Not that it made any difference to Grandma who took her answer matter of factly as she put the tray onto her lap. “That’s to be expected. Eat this and I’m sure you’ll feel much better.”

Jenny obeyed quickly. Starving for something to fill her stomach she ate as fast as she dared with her Grandma watching. Trying to figure out if Grandma was angry or not. Grandma could be very sly. Just about as bad as Daddy. You wouldn’t know they were angry and ready to scold until they pounced.

As she ate, Jenny’s thoughts turned to Billy. Wondering if he’d been devoured during the night. With her luck, he hadn’t. He was probably sitting right there in No End Cave waiting for her to bring him a horse. Bow howdy he was stupid! Just see if she ever listened to him again. Not after all the trouble he’d gotten her into this time. But even if she didn’t play with him again, she had promised to help him this time. Which caused a problem? Would she be able to get a horse to Billy?

“Do I have to stay in bed?” Jenny hazarded the question, watching Grandma tidying the room, picking up clothes and toys. Putting things away as if she hadn’t a care in the world. A very dangerous sign, Jenny thought. Grandma hardly ever tidied her room.

“No, Dr. Merar said you should get up when you feel ready?”

“Could I get up now?” Jenny asked. Realizing a second later how stupid that had been. Maybe staying in bed would have been a better choice. If her head still hurt, even Daddy wouldn’t holler at her, would he? You are so dumb, Jenny Barkley, it must be catching from that Billy.

Grandma picked up a doll and sat down on the edge of the bed. “Yes, but first I’d like to say something to you.”

Jenny waited, dreading what she knew would come next. “I’m sorry I didn’t come right home from school. I knew it was wrong but I had to do something really, really important.”

“I’m disappointed in you, Jenny,” Grandma said as if she hadn’t heard a word of Jenny’s apology. “You did a very foolhardy thing by trying to ride Charger. Heath told me that Nick told you not to ride him. You gave us all quite a scare last night, young lady, just because of your stubborn insistence that you could ride any horse as well as your Uncle Nick...”

“But, I...” Jenny tried to explain. How could Grandma think she’d be that stupid? To ride Charger after she’d been told not to? She remembered boasting to Uncle Nick and the tongue lashing she’d gotten afterward. No way would she have ridden Charger for that reason. If she hadn’t been trying to save Billy’s life, she’d have never ridden Charger.

“Don’t interrupt me, Jenny! Because I know you’re going to be punished for riding Charger, that’s all I’m going to say about that.” Grandma looked stern, inflexible, “What I am going to say is that because you didn’t come home on time yesterday, you’ll have a list of extra chores to do today. Just as a reminder that rules around here are not to be broken. Is that understood?”

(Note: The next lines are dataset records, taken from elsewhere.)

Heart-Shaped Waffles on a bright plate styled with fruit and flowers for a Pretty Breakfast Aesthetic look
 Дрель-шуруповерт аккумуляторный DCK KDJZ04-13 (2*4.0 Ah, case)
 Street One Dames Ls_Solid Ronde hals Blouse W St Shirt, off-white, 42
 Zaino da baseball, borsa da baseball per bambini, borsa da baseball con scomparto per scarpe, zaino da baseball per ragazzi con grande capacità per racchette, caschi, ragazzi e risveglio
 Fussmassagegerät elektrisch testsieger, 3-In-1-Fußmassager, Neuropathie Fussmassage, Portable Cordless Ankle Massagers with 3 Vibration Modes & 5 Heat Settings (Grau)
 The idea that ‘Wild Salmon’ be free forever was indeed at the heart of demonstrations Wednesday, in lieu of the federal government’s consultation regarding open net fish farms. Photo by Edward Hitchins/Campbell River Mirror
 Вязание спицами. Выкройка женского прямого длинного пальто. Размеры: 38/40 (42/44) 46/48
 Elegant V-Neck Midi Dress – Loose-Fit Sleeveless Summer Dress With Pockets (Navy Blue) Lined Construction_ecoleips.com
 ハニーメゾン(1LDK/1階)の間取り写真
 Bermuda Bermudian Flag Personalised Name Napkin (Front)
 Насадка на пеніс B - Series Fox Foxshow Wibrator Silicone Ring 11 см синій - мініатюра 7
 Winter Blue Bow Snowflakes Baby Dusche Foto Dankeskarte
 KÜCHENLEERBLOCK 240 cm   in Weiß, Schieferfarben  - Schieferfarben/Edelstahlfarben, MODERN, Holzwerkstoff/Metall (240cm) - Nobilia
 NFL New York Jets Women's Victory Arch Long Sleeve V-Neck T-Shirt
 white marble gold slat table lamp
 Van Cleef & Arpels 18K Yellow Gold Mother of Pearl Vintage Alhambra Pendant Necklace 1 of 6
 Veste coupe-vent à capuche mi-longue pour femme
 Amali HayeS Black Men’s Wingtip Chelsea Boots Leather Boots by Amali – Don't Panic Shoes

“Yes, ma’am,” Jenny mumbled. Dirty darn. How could she get a horse to that dumb Billy if she had to do a bunch of extra chores? And who was going to punish her for riding Charger? That sure didn’t sound like good news. Especially since Daddy, Uncle Nick and Uncle Heath were all home today. Maybe they would all take turns, Jenny thought in horror, wishing for just a second that she’d been hurt badly enough to have to stay in bed awhile. A person sure didn’t get much sympathy in this house after being thrown from a horse and almost killed. Jenny stuck out her lower lip. What if her head hurt too much to do those stupid chores?

“I want you to finish your breakfast and get dressed,” Grandma said heartlessly. “And that’s enough of that pout, missy. You brought this all on yourself by your disobedience.”

Having gotten her scolding out of the way, Grandma stood up and walked to the bedroom door. Turning back, she gave Jenny another reason to want to stay in bed. “Your Father is waiting for you in the study.”

Jenny leaned back against the pillow, hoping she looked pale and weak. “Grandma, I don’t think I feel like getting up.”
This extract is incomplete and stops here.